# Domain Separation Network (DSN) Pipeline
This notebook implements the DSN architecture for unsupervised domain adaptation in speech recognition.

In [5]:
import importlib.metadata
import editdistance, jiwer

print("jiwer version:", importlib.metadata.version("jiwer"))
print("editdistance version:", importlib.metadata.version("editdistance"))
print("editdistance available:", editdistance.eval("kitten", "sitting"))


jiwer version: 4.0.0
editdistance version: 0.8.1
editdistance available: 3


In [6]:
# ─────────────────────────────────────────────────────────────────────────────
# 1) Imports & device
# ─────────────────────────────────────────────────────────────────────────────
import os
import numpy as np
import torch
import torch.nn as nn
import torch.optim as optim
from torch.utils.data import Dataset, DataLoader
from torch.nn.utils.rnn import pad_sequence

device = torch.device("cpu")
print("Using device:", device)



Using device: cpu


In [7]:
# ─────────────────────────────────────────────────────────────────────────────
# 2) Collate fn for variable-length utterances (pad to max-T per batch)
# ─────────────────────────────────────────────────────────────────────────────
def collate_fn(batch):
    """
    Handles variable-length feature sequences (and optional labels).

    batch:
      - source: list of (features[T,F], labels[T]) tuples
      - target: list of features[T,F]

    Returns:
      source -> (padded_feats[B,T,F], padded_labels[B,T], lengths[B])
      target -> (padded_feats[B,T,F], lengths[B])
    """
    if isinstance(batch[0], tuple):  # source (features, labels)
        feats, labels = zip(*batch)  # each feats: [T,F], labels: [T]
        lengths = torch.tensor([f.size(0) for f in feats], dtype=torch.long)
        padded_feats = pad_sequence(feats, batch_first=True)               # [B,T,F]
        padded_labels = pad_sequence(labels, batch_first=True, padding_value=-100)  # [B,T]
        return padded_feats, padded_labels, lengths
    else:  # target (features only)
        feats = batch
        lengths = torch.tensor([f.size(0) for f in feats], dtype=torch.long)
        padded_feats = pad_sequence(feats, batch_first=True)               # [B,T,F]
        return padded_feats, lengths


In [8]:
# ─────────────────────────────────────────────────────────────────────────────
# 3) Lazy .npy datasets (per-utterance files), optional labels
# ─────────────────────────────────────────────────────────────────────────────
class LazyNPYDataset(Dataset):
    """
    Lazy loading dataset for .npy feature files and optional labels.
    Assumes: one .npy per utterance.
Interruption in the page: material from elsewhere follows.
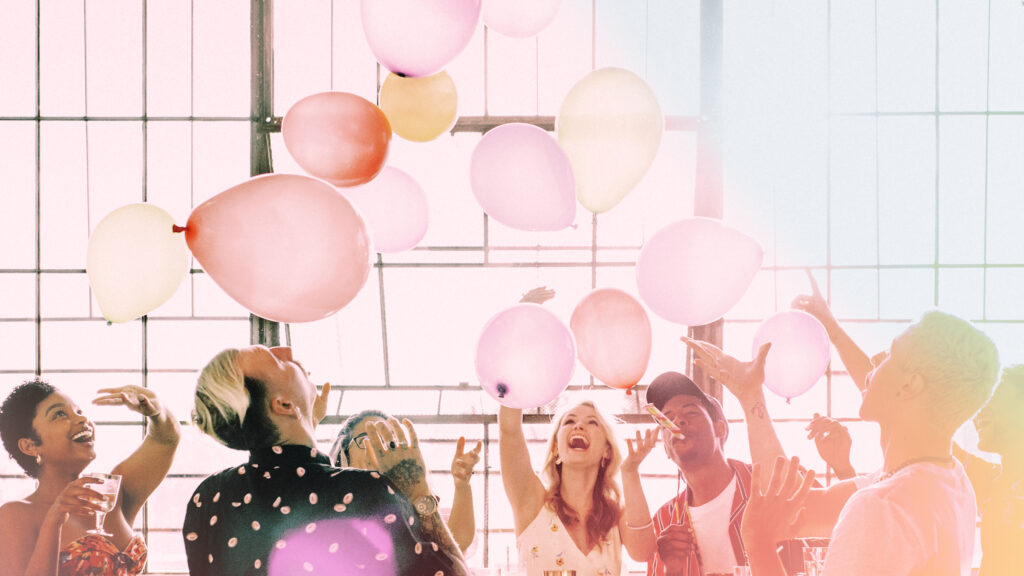 people playing with balloons party wallpaper 1024x576 1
If labels provided, filenames match.
    """
    def __init__(self, feature_dir, label_dir=None, feature_dtype=np.float32):
        self.feature_dir = feature_dir
        self.label_dir = label_dir
        self.file_list = sorted([f for f in os.listdir(feature_dir) if f.endswith(".npy")])
        self.feature_dtype = feature_dtype

        if label_dir:
            self.label_list = sorted([f for f in os.listdir(label_dir) if f.endswith(".npy")])
            assert len(self.file_list) == len(self.label_list), \
                f"Mismatch: {len(self.file_list)} feature files vs {len(self.label_list)} label files"
            # Optional: verify same basenames
            for f_feat, f_lab in zip(self.file_list, self.label_list):
                assert os.path.splitext(f_feat)[0] == os.path.splitext(f_lab)[0], \
                    f"Filename mismatch: {f_feat} vs {f_lab}"

    def __len__(self):
        return len(self.file_list)

    def _load_npy(self, path, dtype=None):
        arr = np.load(path, allow_pickle=False)
        if dtype is not None and arr.dtype != dtype:
            arr = arr.astype(dtype, copy=False)
        return arr

    def __getitem__(self, idx):
        feat_path = os.path.join(self.feature_dir, self.file_list[idx])
        features = self._load_npy(feat_path, dtype=self.feature_dtype)     # [T,F]
        features = torch.as_tensor(features, dtype=torch.float32)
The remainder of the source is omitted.